93. The truth is that induction is reasoning from a sample taken at random to the whole lot sampled. A sample is a random one, provided it is drawn by such machinery, artificial or physiological, that in the long run any one individual of the whole lot would get taken as often as any other. Therefore, judging of the statistical composition of a whole lot from a sample is judging by a method which will be right on the average in the long run, and, by the reasoning of the doctrine of chances, will be nearly right oftener than it will be far from right.

94. That this does justify induction is a mathematical proposition beyond dispute. It has been objected that the sampling cannot be random in this sense. But this is an idea which flies far away from the plain facts. Thirty throws of a die constitute an approximately random sample of all the throws of that die; and that the randomness should be approximate is all that is required.

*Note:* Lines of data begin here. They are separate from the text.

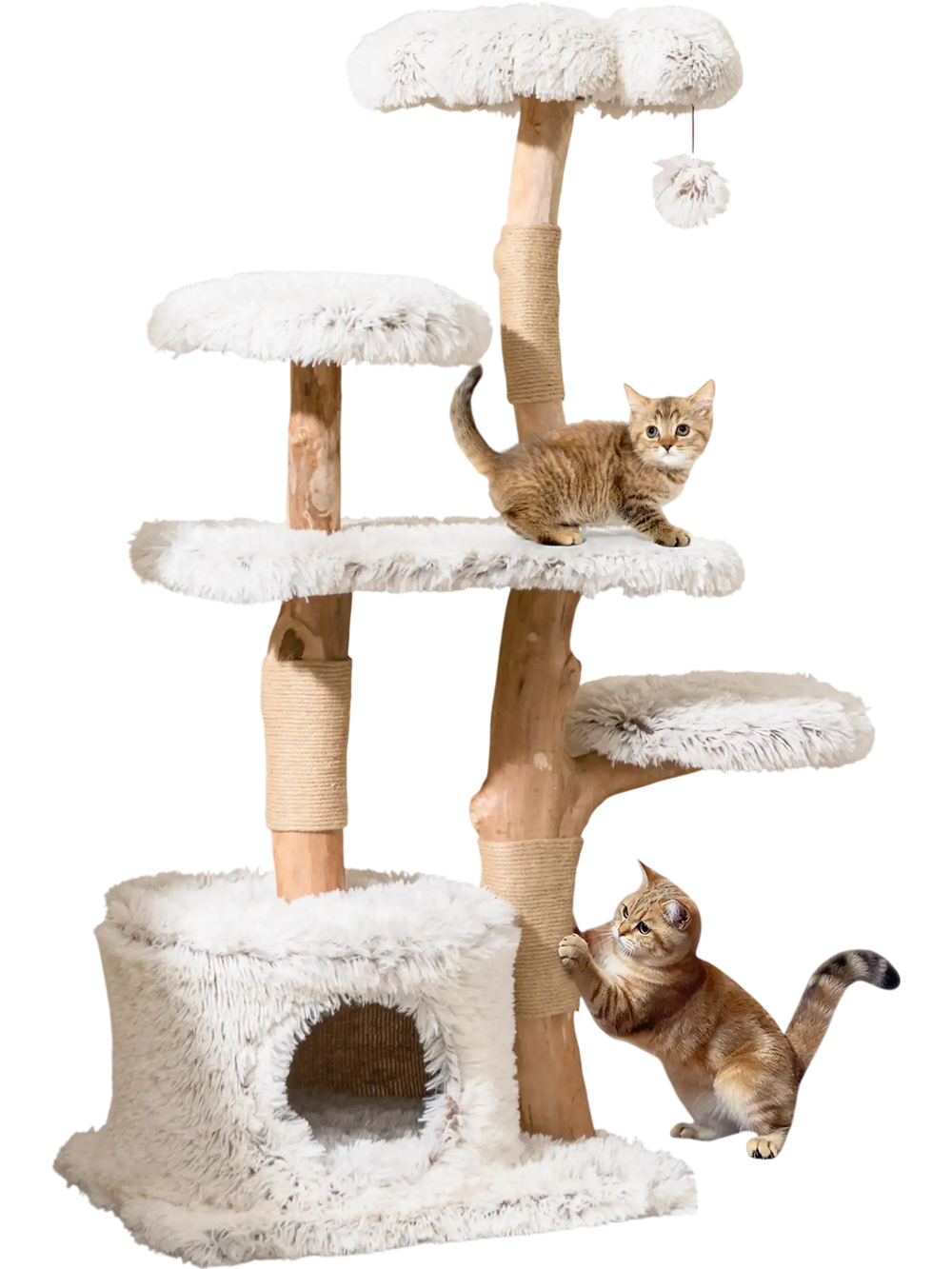Modern cat tree with natural wood branches, plush platforms, and jute scratching posts for playful and cozy lounging.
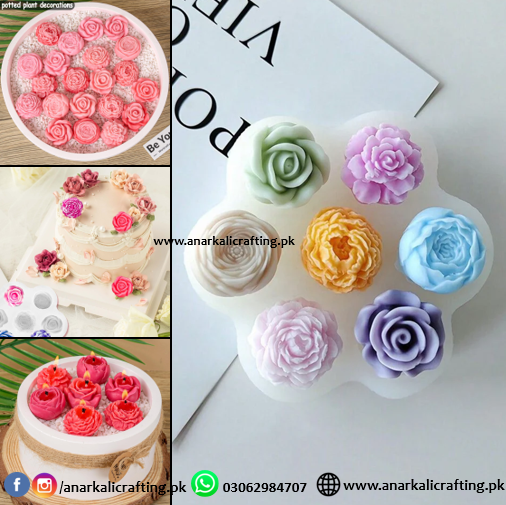 7 Cavity Flower Mold (for Candle, Clay, Fondant)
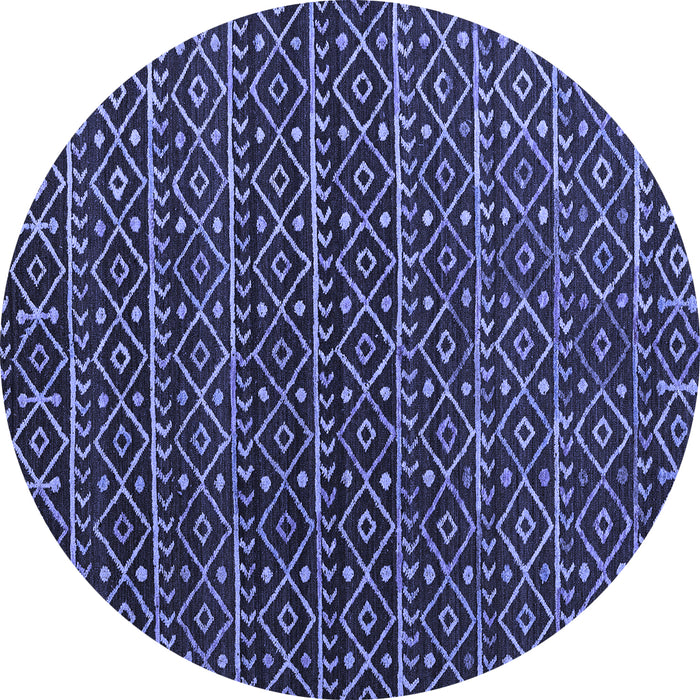 Round Abstract Blue Modern Rug, abs5342blu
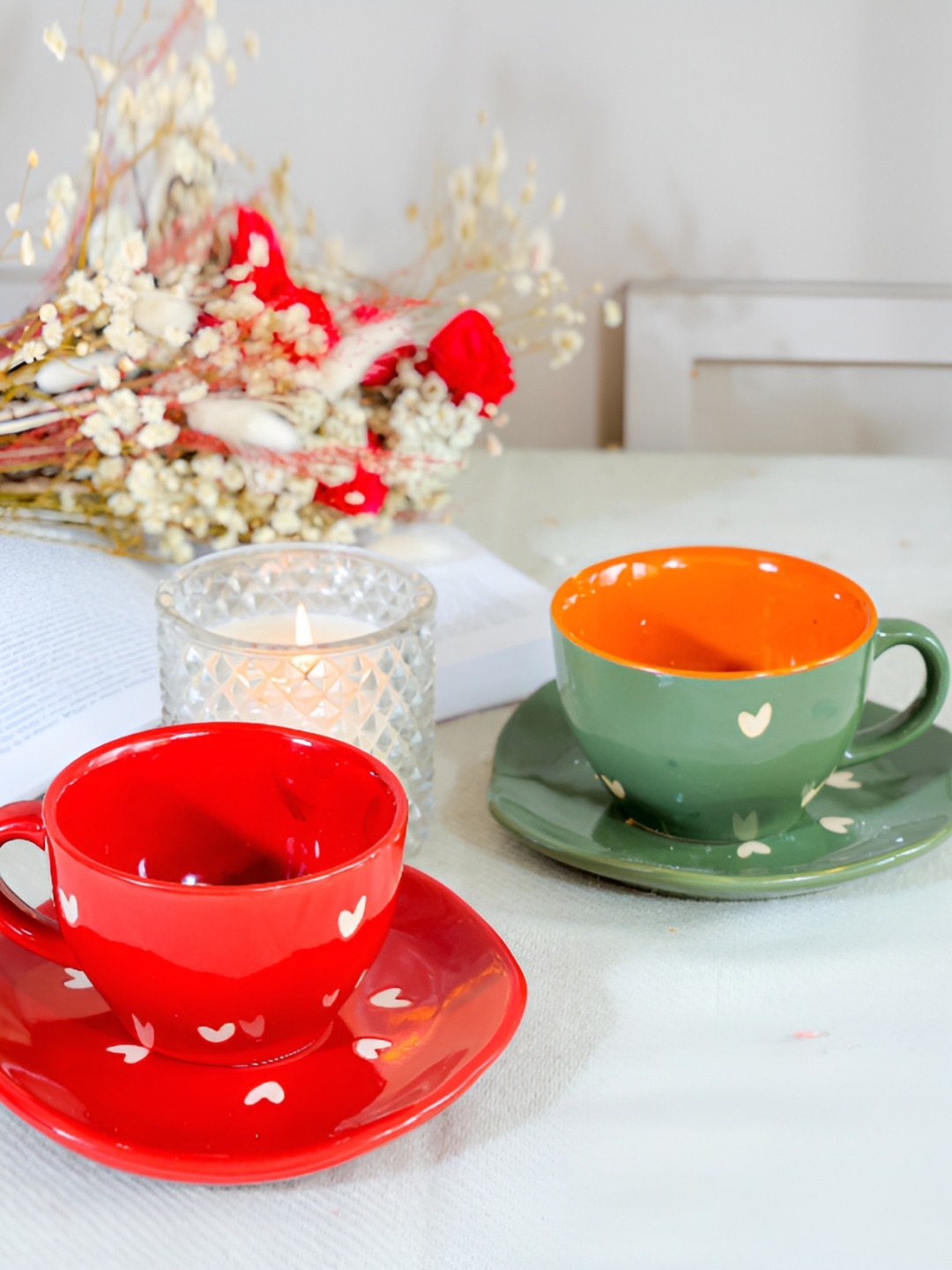 ArteCasa Red & Green 2Pcs Ceramic Glossy Infinite Love Cup & Saucer 200ml Each
ArteCasa Red & Green 2Pcs Ceramic Glossy Infinite Love Cup & Saucer 200ml Each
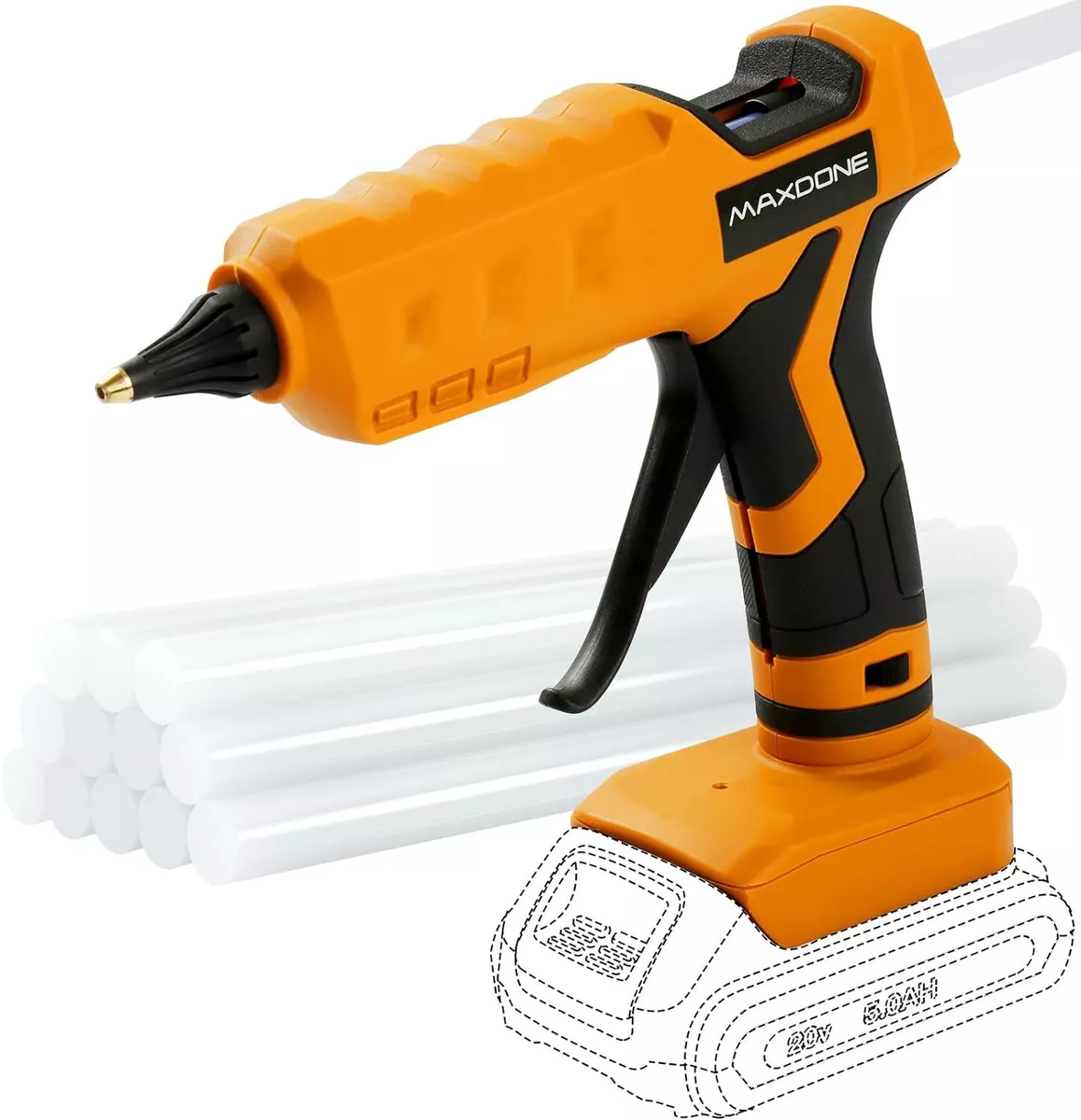 Hot Glue Gun 100W 20V Battery Handheld Wireless Power 12pcs Glue Sticks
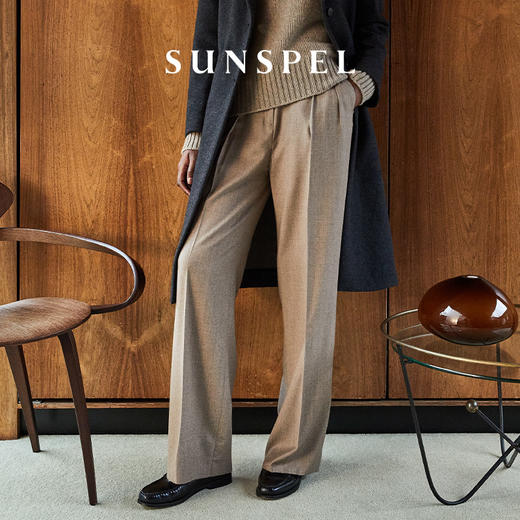 SUNSPEL女士羊毛带褶宽松阔腿西装裤长裤 商品图0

95. This account of the rationale of induction is distinguished from others in that it has as its consequences two rules of inductive inference which are very frequently violated, although they have sometimes been insisted upon. The first of these is that the sample must be a random one. Upon that I shall not dwell here. The other rule is that the character, toward the ascertainment of the proportionate frequency of which in the lot sampled [the sampling is done], must not be determined by the character of the particular sample taken. For example, we must not take a sample of eminent men, and studying over them, find that they have certain characters and conclude that all eminent men will have those characters. We must first decide for what character we propose to examine the sample, and only after that decision examine the sample. The reason is that any sample will be peculiar and unlike the average of the lot sampled in innumerable respects. At the same time it will be approximately like the average of the whole lot in the great majority of respects.

96. In order to illustrate the necessity of this rule I take a random sample of eminent persons. It is quite a random one, for it consists of the first names on pages 100, 300, 500, 700, 900, of Phillips's Great Index of Biography [Biographical Reference, second edition, 1881]. The names are as follows:

	Born	Died
Francis Baring	1740	1810 Sept. 12
Vicomte de Custine	1760	1794 Jan. 3
Hippostrates	(of uncertain age)
Marquis d'O.	1535	1594 Oct. 24
Theocrenes	1480	1536 Oct. 18

Now I might, in violation of the above rule of predesignation, draw the following inductions:

1. Three-fourths of these men were born in a year whose date ends in a cipher. Hence about three-fourths of all eminent men are probably so born. But, in fact, only one in ten is so born.

2. Three eminent men out of four die in autumn. In fact, only one out of four.

3. All eminent men die on a day of the month divisible by three. In fact, one out of three.

4. All eminent men die in years whose date doubled and increased by one gives a number whose last figure is the same as that in the tens' place of the date itself. In fact, only one in ten.

5. All eminent men who were living in any year ending in forty-four died at an age which after subtracting four becomes divisible by eleven. All others die at an age which increased by ten is divisible by eleven.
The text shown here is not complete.